SFINAE dispatch between void and non-void method

I have something like the following:

template <typename T>
struct Base {
    auto func() {
        // do stuff
        auto x = static_cast<T&>(*this).func_impl();
        // do stuff
        return x;
    }
};

struct A : Base<A> {
    int func_impl() {
        return 0;
    }
};

struct B : Base<B> {
    void func_impl() {
    }
};

int main() {
    A a;
    int i = a.func();
    B b;
    b.func();
    return 0;
}

The problem is that i cannot declare the return type of func_impl in a derived class to void as shown in B. I tried to solve the problem using SFINAE like this:

template <typename T>
struct Base {
    template <typename = enable_if_t<!is_void<decltype(declval<T>().func_impl())>::value>>
    auto func() {
        // do stuff
        auto x = static_cast<T&>(*this).func_impl();
        // do stuff
        return x;
    }

    template <typename = enable_if_t<is_void<decltype(declval<T>().func_impl())>::value>>
    void func() {
        // do stuff
        static_cast<T&>(*this).func_impl();
        // do stuff
    }
};

But the compiler gives the error: invalid use of incomplete type 'struct A' and invalid use of incomplete type 'struct B'. Is there a way to accomplish what I want?

Upvotes: 2

Views: 386

Answers (2)

Barry
Barry

Reputation: 303957

Situations like this:

auto x = static_cast<T&>(*this).func_impl();
// do stuff
return x;

call for a Regular Void type. In other words, since you don't need x in here, you just need to return it, do you really need func() to return void? I find that's typically not the case. Any old empty type that people aren't supposed to use is good enough. So let's make it easy to write this case without duplication:

namespace details {
    struct Void { }; // not intended to be used anywhere
}

template <typename F, typename... Args,
    typename R = std::invoke_result_t<F, Args...>,
    std::enable_if_t<!std::is_void<R>::value, int> = 0>
R invoke_void(F&& f, Args&&... args) {
    return std::invoke(std::forward<F>(f), std::forward<Args>(args)...);
}

template <typename F, typename... Args,
    typename R = std::invoke_result_t<F, Args...>,
    std::enable_if_t<std::is_void<R>::value, int> = 0>
details::Void invoke_void(F&& f, Args&&... args) {
    std::invoke(std::forward<F>(f), std::forward<Args>(args)...);
    return details::Void{};
}

This implementation uses C++17 library features, but can be implemented in C++14. This gives us an invoke() that swaps out void for Void, which allows you to just write:

auto func() {
    // do stuff
    auto x = invoke_void([](auto& x){ return x.func_impl(); },
        static_cast<T&>(*this));
    // do stuff
    return x;
}

It's a little wordy, but at least we don't have to duplicate func() - just the one function handles both cases just fine.
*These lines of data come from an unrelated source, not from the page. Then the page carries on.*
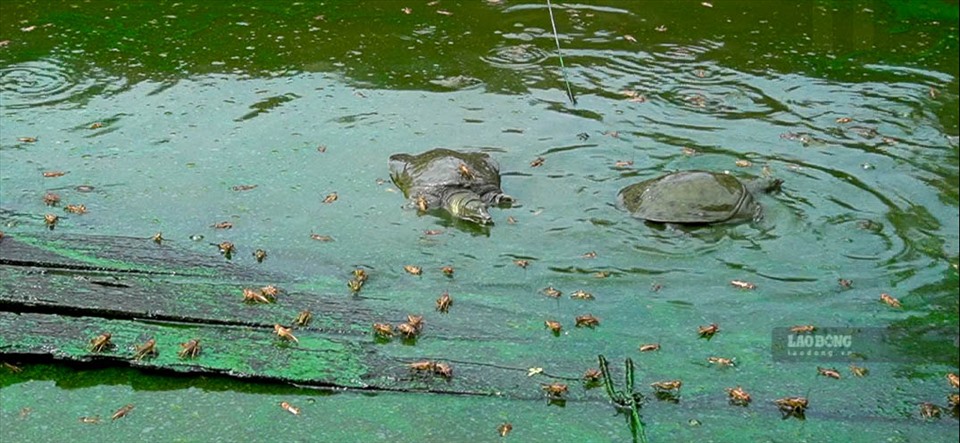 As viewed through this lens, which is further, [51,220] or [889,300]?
[51,220]

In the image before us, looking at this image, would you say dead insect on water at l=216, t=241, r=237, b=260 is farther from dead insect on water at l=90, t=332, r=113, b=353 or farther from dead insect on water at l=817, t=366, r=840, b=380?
dead insect on water at l=817, t=366, r=840, b=380

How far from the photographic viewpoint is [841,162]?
4863 millimetres

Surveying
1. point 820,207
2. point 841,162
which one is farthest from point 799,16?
point 820,207

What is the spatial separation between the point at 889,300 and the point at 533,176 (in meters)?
1.78

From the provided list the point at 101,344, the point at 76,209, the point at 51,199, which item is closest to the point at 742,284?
the point at 101,344

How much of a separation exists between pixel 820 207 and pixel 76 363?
3197 mm

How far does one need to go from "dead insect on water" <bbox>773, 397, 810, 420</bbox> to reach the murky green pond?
41mm

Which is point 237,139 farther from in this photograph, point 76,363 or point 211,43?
point 76,363

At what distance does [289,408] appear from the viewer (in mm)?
3365

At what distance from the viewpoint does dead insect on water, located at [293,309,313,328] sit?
3.77m

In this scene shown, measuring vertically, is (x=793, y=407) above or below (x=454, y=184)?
above

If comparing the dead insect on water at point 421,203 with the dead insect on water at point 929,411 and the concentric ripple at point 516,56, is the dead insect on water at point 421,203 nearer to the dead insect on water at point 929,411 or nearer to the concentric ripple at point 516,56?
the concentric ripple at point 516,56

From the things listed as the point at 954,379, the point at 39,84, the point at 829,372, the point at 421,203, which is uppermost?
the point at 954,379

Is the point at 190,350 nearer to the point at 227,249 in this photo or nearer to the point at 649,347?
the point at 227,249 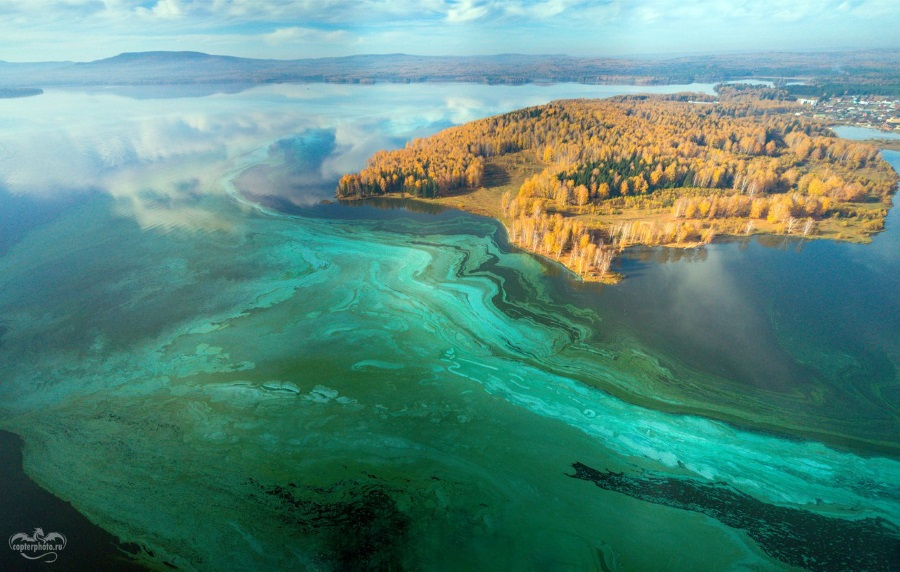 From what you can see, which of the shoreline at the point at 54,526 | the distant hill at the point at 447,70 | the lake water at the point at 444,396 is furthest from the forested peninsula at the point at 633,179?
the distant hill at the point at 447,70

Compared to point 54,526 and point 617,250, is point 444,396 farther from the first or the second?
point 617,250

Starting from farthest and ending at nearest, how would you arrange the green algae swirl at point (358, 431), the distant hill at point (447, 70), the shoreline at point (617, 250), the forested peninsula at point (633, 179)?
the distant hill at point (447, 70) → the forested peninsula at point (633, 179) → the shoreline at point (617, 250) → the green algae swirl at point (358, 431)

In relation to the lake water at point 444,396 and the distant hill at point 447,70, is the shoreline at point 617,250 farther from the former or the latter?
the distant hill at point 447,70

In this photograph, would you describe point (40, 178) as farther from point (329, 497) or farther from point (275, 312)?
point (329, 497)

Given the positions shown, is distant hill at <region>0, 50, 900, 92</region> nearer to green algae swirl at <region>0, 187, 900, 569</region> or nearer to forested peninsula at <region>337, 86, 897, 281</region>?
forested peninsula at <region>337, 86, 897, 281</region>

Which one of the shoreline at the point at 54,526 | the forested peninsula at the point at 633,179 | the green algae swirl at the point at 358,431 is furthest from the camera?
the forested peninsula at the point at 633,179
A different alternative, that's either simpler or more complex depending on your interpretation, is to re-order the body of func():

auto func() {
    // do stuff
    scope_exit{
        // do stuff after func_impl is invoked
    };
    return static_cast<T&>(*this).func_impl();
}

This gets you the correct ordering of operations without even needing a regular void. However, the post-func_impl logic gets placed before it - which may be confusing. But the benefit is that this function can still return void.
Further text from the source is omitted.